I am reading this paper, which uses (chiral) kinetic theory. The authors write:
The Boltzmann method is valid only in the semiclassical limit, where $\omega_B \tau \ll 1$, $\omega_B \ll \mu$ and $\mu\tau\gg 1$. Here, $\omega_B$ is the magnetic frequency, $v_F$ is the Fermi velocity, and $\tau$ is the quasiparticle lifetime. (In this paper, we set $\hbar = 1$ and the energy of WP as 0.) In the semiclassical limit, the level smearing caused by the finite quasiparticle lifetime is much larger than the Landau-level splitting, but it is much smaller than the chemical potential; hence, the Landau-level quantization can be ignored, and the Fermi surface remains well defined.
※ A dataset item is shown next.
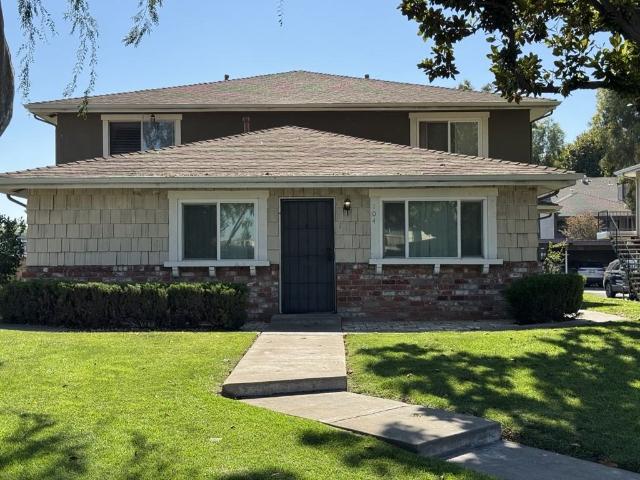 Condo for rent in Upland, California
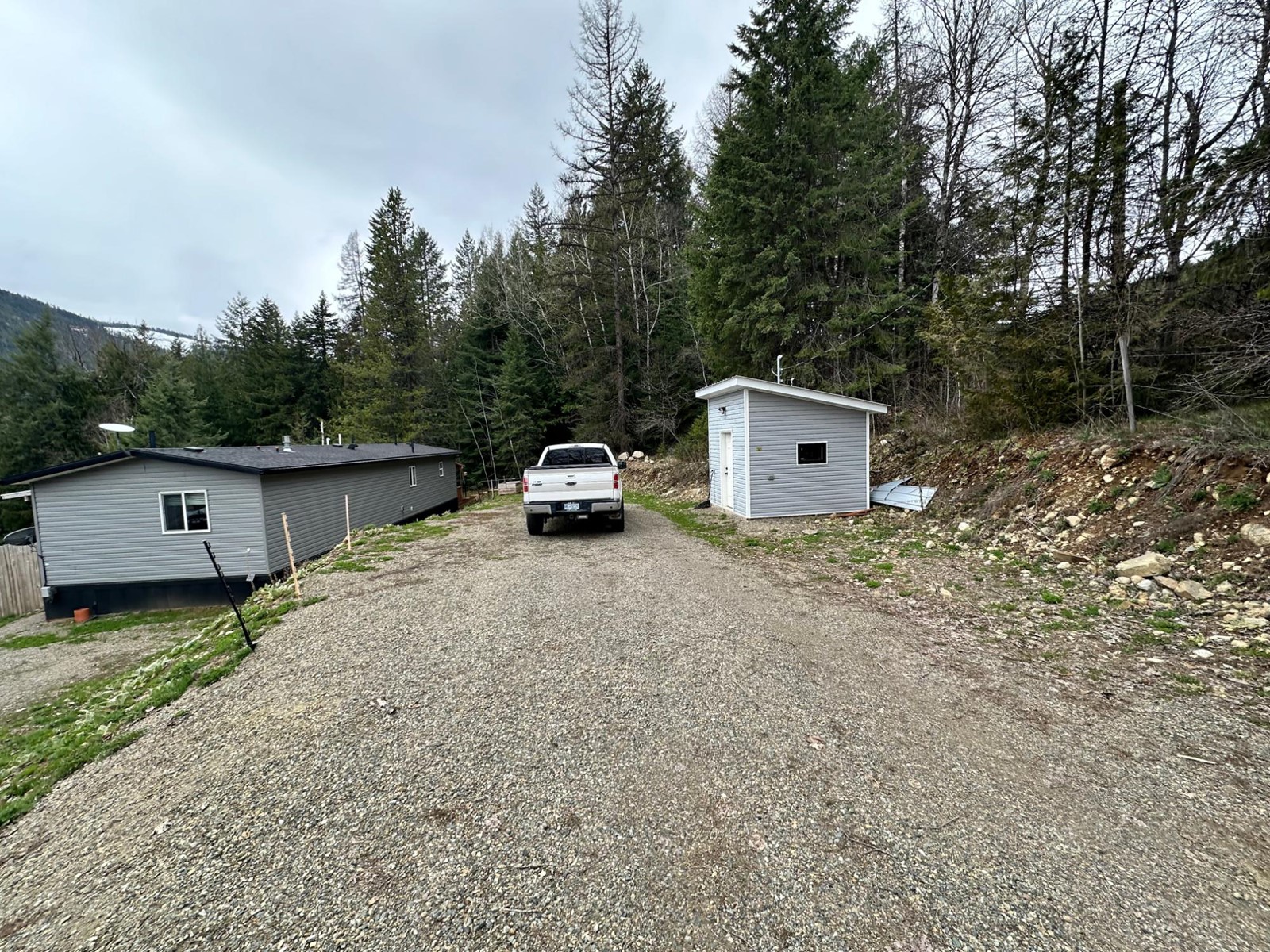 4248 Ross Spur Road, Ross Spur, British Columbia  V0G 1L1 - Photo 39 - 2475943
Therefore, in the semiclassical limit, the collective dynamics of a Fermi-liquid system can be described by the quasiparticle distribution function $n({\bf k},{\bf r},t)$ through the following Boltzmann equation
$$ \big[\partial_t + {\bf \dot{r}}\cdot\nabla_{\bf r} - {\bf \dot{k}}\cdot\nabla_{\bf k}\big]\delta n ({\bf k}, {\bf r},t) = S[\delta n({\bf k}, {\bf r},t)], $$ where $S[\delta n({\bf k}, {\bf r},t)]$ is a collision integral and $\delta n({\bf k},{\bf r},t)$ the variation in the distribution function.
The issue of validity of kinetic theory has been on my mind for a while. According to the authors of the text above, the chemical potential needs to be the biggest scale in the problem in order to use the (semiclassical) Boltzmann equation. I do not completely understand the explanation they give. Could somebody elaborate on the range of validity of the (semiclassical) Boltzmann equation?
Furthermore, what happens when we consider the limit $\mu \to 0$? In the case of a gapless system like a Dirac or Weyl semimetal, can we still use chiral kinetic theory? Does it break down and how?